Ex-safety chair billed taxpayers for personal travel

The former head of the US safety agency that investigates major industrial accidents improperly charged the government for tens of thousands of dollars in travel and office-furnishing expenses, a federal watchdog said in a report made public Thursday.

Katherine Lemos, who served as chair of the US Chemical Safety and Hazard Investigation Board from 2020 until July of last year, charged the government nearly $50,000 in airfare and other costs to travel from her residence in San Diego to the safety board’s headquarters in Washington, DC, the Environmental Protection Agency’s Inspector General concluded. Lemos also billed the government for a trip to Norfolk to attend the embarkation of an aircraft carrier, the report said, adding the expenses were in violation of federal travel regulations.

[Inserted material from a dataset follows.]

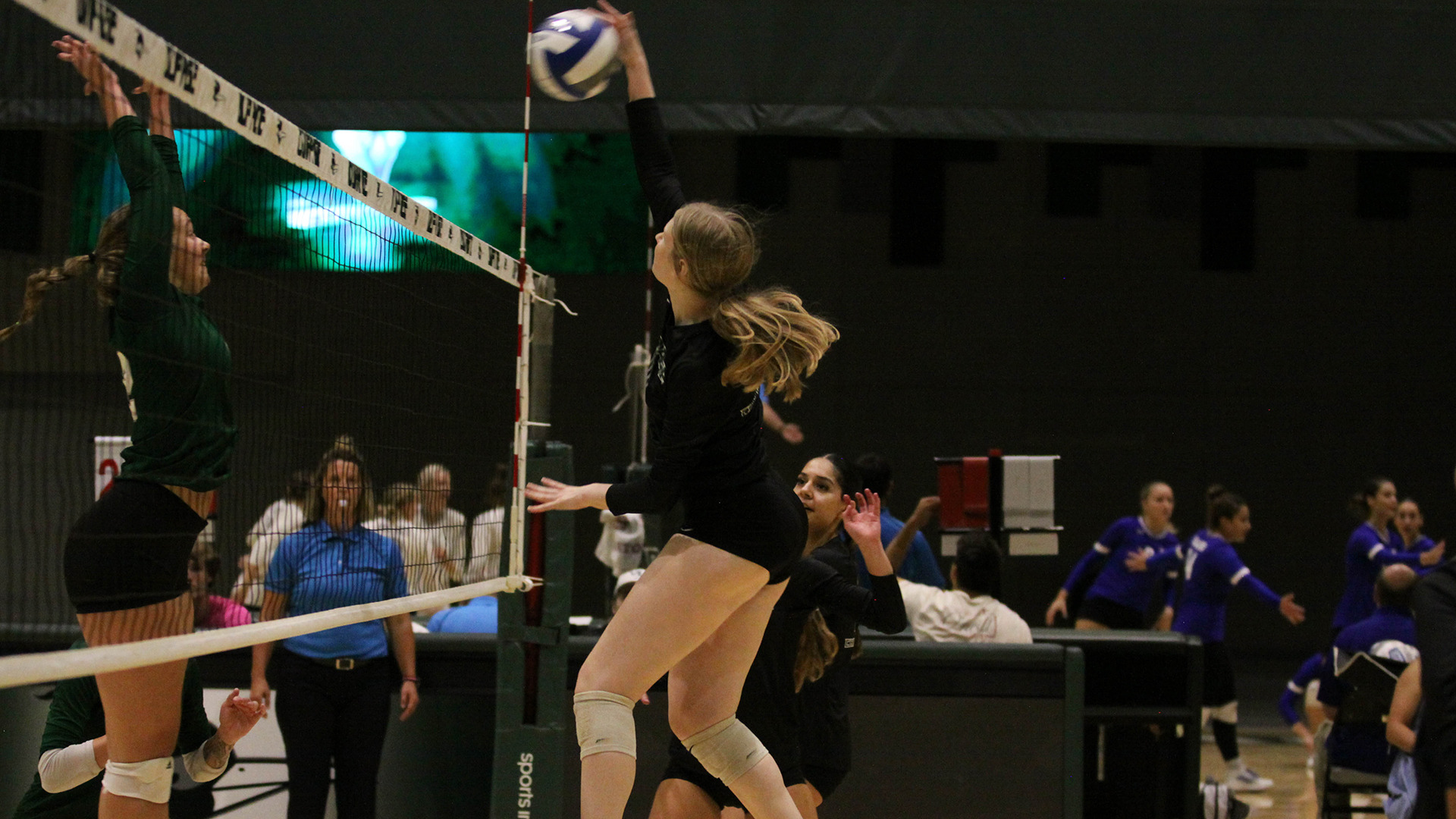Josephine Becker Women's Volleyball College of DuPage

In addition, Lemos, who was nominated to head the board by then President Donald Trump, spent more than $22,000 to redecorate her office in the safety board’s Washington headquarters — more than four times the $5,000 limit — according to the inspector general. Among the purchases: $4,340 for red “chili pepper” leather upholstery for two lounge chairs with matching foot rests. The report added documentation for one of the purchase orders, noting that it “appears to have been designed to obscure the fact” the furniture was intended for Lemos’ office.

In response to a request for comment, Lemos provided a June 15 letter from her attorney to the inspector general that said the agency ignored exculpatory evidence and “refuses to credit Dr. Lemos’ explanations.”

The inspector general’s report said Lemos, through her counsel, disagreed with the report’s conclusions and “asserted that she relied on the advice of CSB staff regarding the expense reimbursements at issue.”

The board, which has investigated incidents ranging from BP Plc’s 2010 Deepwater Horizon drilling rig blowout to a chemical spill that tainted drinking water for hundreds of thousands of West Virginians, was proposed for elimination by Trump who argued the group’s focus on regulation had “frustrated both regulators and industry.”